Apr 16, 2003 18:37 |  #4

Welcome to the world of Canon. If you think focus is tough, wait until you try to use an accessory flash.
The best information that I have found on dealing with G2 focus was in a posting from ND from Australia. I saved it as a local document. I wish I had his name so that I could give proper credit. I found his advice to be very helpful. I was focusing on faces until I read this. My out of focus shots have been greatly reduced just by focusing on something with a vertical edge. His posting follows:


Like many people I’ve had a few problems with the G2 autofocus. After moving from an EOS SLR to the G2, I was initially getting a significant number of out of focus pictures. Having worked through the issues and learnt to work differently when using the G2, I now get reliable focusing and have very few out of focus pictures. It’s made using the G2 a lot more enjoyable. Here are a few tips for getting more consistent focusing from the G2.

1 The G2 focuses by racking the lens from infinity to 70cm and selecting the point of highest contrast. It takes a few hundred milliseconds to do this and it's best if the target is stationary during this time. The LCD display freezes while the camera is racking the lens.

If it does not find a point of high contrast after racking through the complete focus range, the orange rectangle appears and it will set the focus to 2m if at wide angle end of the zoom and 3m at the tele end.

(Note that this is quite different to the auto focusing system used in the EOS cameras. They use a phase detection method of determining the correct focus distance and can drive the lens directly to this distance.)

2 The G2 uses the horizontal readout from the image sensor for focusing. Hence it requires a vertical edge with reasonable contrast to focus on. As it uses the horizontal readout it will not focus on horizontal edges. These run parallel to the sensor and create little change in the output signal.

3 The G2 uses the luminance or green signal from the image sensor for focusing. Hence it does not focus best on purely red or blue objects. These have a relatively low contrast to the sensor.

(This is different from the autofocus sensors used in the EOS cameras whose spectral response peaks in the red part of the spectra.)

4 The focus assist light throws a beam that is offset slightly from the central focusing area. As the lens optical axis and the axis of the assist light are not parallel, the left edge of the illumination beam will fall within the central focus area. This gives a nice contrasty vertical edge that the G2 can focus on. This feature enables the camera to focus on a plain white wall in complete darkness. Though the power of the light limits the focus range to around 2 - 2.5m depending on the colour of the subject. Beyond that you need to go to manual focus.

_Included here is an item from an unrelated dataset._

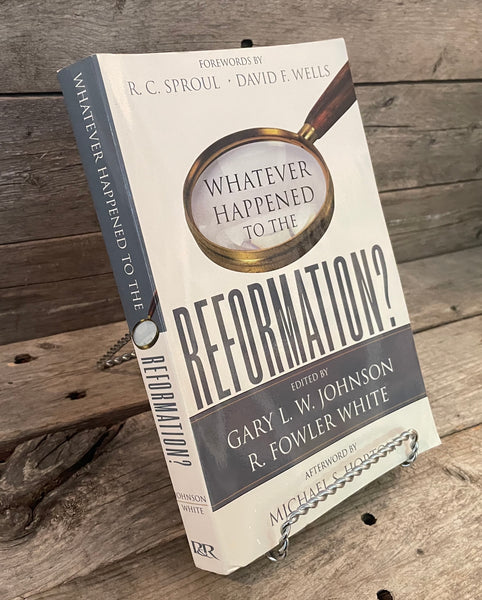 Whatever Happened To The Reformation? edited by Gary Johnson & R. Fowler White
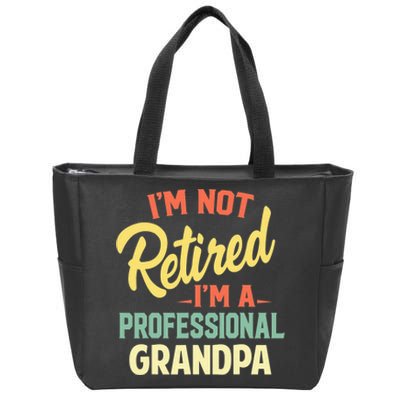 I'm Not Retired I'm A Professional Grandpa Funny Gift  Zip Tote Bag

5 The 550ex flash focus assist throws a red pattern of horizontal bars. It is optimal for the multi point wide area focusing system of the EOS3 and 1V cameras. But it's the wrong pattern and colour for the G2's system. It would be nice if it would work and give you lots of extra focusing range, but it doesn't. That's why the designers have disabled it and unfortunately we’re stuck with the built in light of the G2.

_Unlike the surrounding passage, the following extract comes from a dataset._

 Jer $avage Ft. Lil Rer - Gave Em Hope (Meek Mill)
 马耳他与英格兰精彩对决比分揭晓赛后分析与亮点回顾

6 The above reasons mean that the G2 won't focus reliably on faces, white T shirts, moving objects, items that contain no vertical edges or are of low contrast. In these cases look for a vertical edge at a similar distance you can focus on, or estimate the distance and go to manual mode. If you are taking a landscape photo, quite often the focus spot is covering a horizontal horizon, or a relatively featureless part of the landscape. Don't be surprised if you get a orange lamp and the focus defaults to 2m. Use one of the other focus points or go to manual and set the focus at infinity. Ie when taking a picture, always pay attention to the focus indicators.

(Note: The autofocus system on the Elph and many other compact cameras use the reflection of an infrared beam from an object to measure its distance. These work best when they are pointing at light objects such as faces or white T shirts.)

8 Know the depth of field for each aperture and focal length of the camera. Know the hyper focal distance for each focal length. Have this as a table stuck to the back of the camera. That way you can very quickly set the focus manually without having to peer at the tiny pixelated magnified view on the LCD display.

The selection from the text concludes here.